One such case happened to me today with code similar to the following:

// foo.h:
int RAM[10000];

// foo.c:
#include "foo.h"
int main() {
    return (unsigned long long)RAM;
}

// bar.c
#include "foo.h"
int bar() {
    return (unsigned long long)RAM;
}

This particular code is valid in C, but not valid in C++ if you link both foo.c and bar.c into the same binary. Why? Because there is a subtle difference with how C and C++ treat uninitialized global symbols (RAM[] in this case). In C, the symbols are merged into one and become a single symbol (instance of a variable) (emitted using common linkage: see here). However, in C++ there is no such thing as common linkage. If you declare the same variable twice, regardless of the circumstances, it is seen as a two separate variables that conflict. So in the latter case you will see the following error:

/tmp/ccK4Aa4B.o:(.bss+0x0): multiple definition of `RAM'
/tmp/cc8u2dAO.o:(.bss+0x0): first defined here
collect2: error: ld returned 1 exit status

Of course, you can get around the limitation in C++ by doing the following instead:

// foo.h:
extern int RAM[10000]; //modified

// foo.c:
#include "foo.h"
int RAM[10000]; //added
int main() {
    return (unsigned long long)RAM;
}

// bar.c
#include "foo.h"
int bar() {
    return (unsigned long long)RAM;
}

The interesting part is some of the implications for C programmers. Suppose for example, you borrowed a database implementation that employed common linkage & you just happened to accidentally clobber over the name in your own code. In this case, you would have a subtle silent bug on your hand. The variable would be shared between your code and the database and you might never know! Here's another example shows some interesting things that occur in these cases:

// baz.c:
#include <stdio.h>
int test; //4 byte declaration.
unsigned long long qux();

int main()
{
    printf("wrong size returned in baz: %d\n", sizeof(test)); //Oops!
    qux();
    printf("set value in baz: %d\n", test);
    return test;
}


// qux.c:
#include <stdio.h>
unsigned long long test; //8 byte declaration.
unsigned long long test;//you can redeclare without error.

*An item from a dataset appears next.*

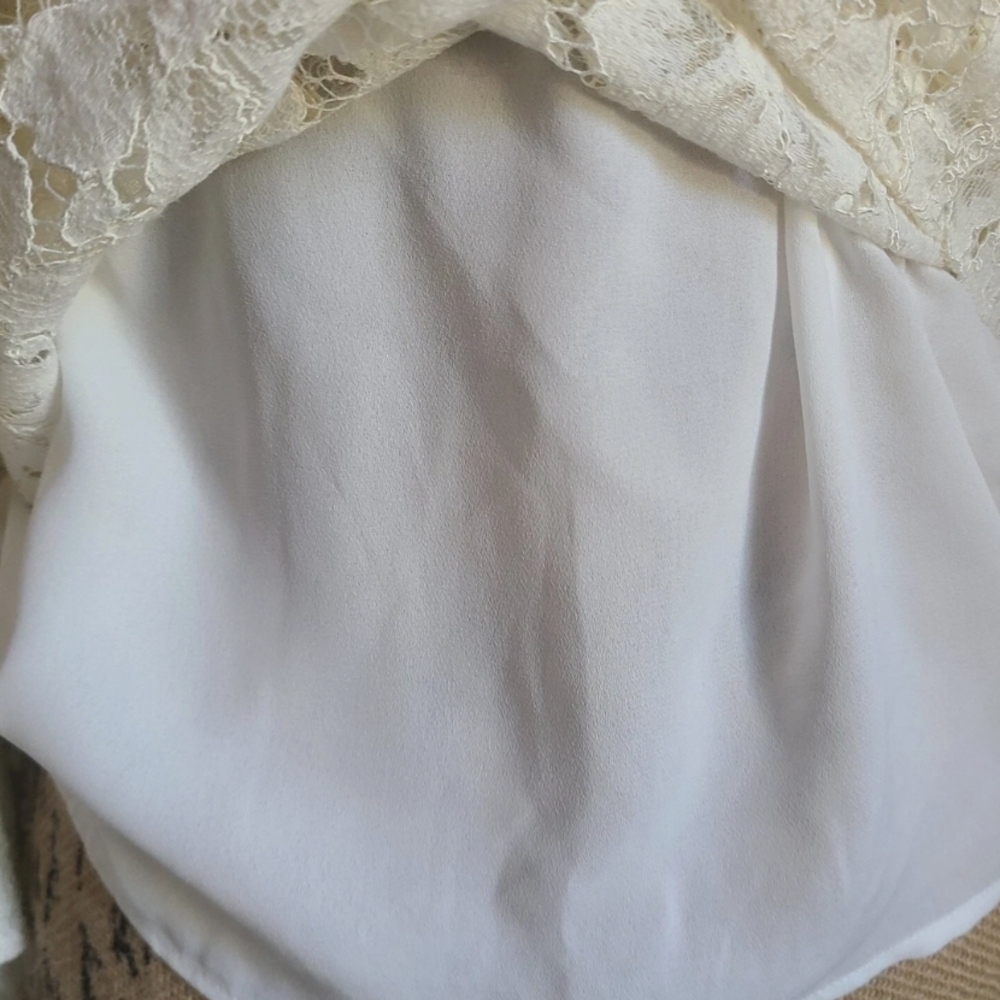Wayf Ivory Lace Bell Sleeve Blouse - Picture 7 of 10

unsigned long long qux() {
    test = 0xFF;
    printf("correct size in qux: %d\n", sizeof(test));
    printf("set value in qux: %d\n", test);
}

Output:

wrong size returned in baz: 4
correct size in qux: 8
set value in qux: 255
set value in baz: 255

There are a few interesting things to note: (1) the variable is declared twice in qux.c without error, (2) is declared once with a different sized type in baz.c, (3) has actually been merged and is eight bytes large. Yet the wrong size will be printed in baz.c and the correct size only in qux.c. So it is silent even with incompatible types. The final thing to note is that even if you tried to enable verbose warnings in the compiler, you still won't see this.




#2 Aheer.R.S.

Aheer.R.S.

    I cannot Teach Him, the Boy has no Patience!

  • Tech Issues Solved: 9
  • Joined: 15-October 10
  • Location: Wolverhampton, West Midlands

Posted 22 March 2014 - 01:31

^ I have no idea what you are talking about, and I'm mostly bored

 

BUT

 

You are worthy of my respect and praise



#3 Praetor

Praetor

    ASCii / ANSi Designer

  • Tech Issues Solved: 7
  • Joined: 05-June 02
  • Location: Lisbon
  • OS: Windows Eight dot One dot One 1!one

Posted 22 March 2014 - 01:39

^ I have no idea what you are talking about, and I'm mostly bored

 

BUT

 

You are worthy of my respect and praise

:laugh:

that was Aheer.R.S. ways to say:

cool-story-bro.jpg


Edited by Praetor, 22 March 2014 - 01:39.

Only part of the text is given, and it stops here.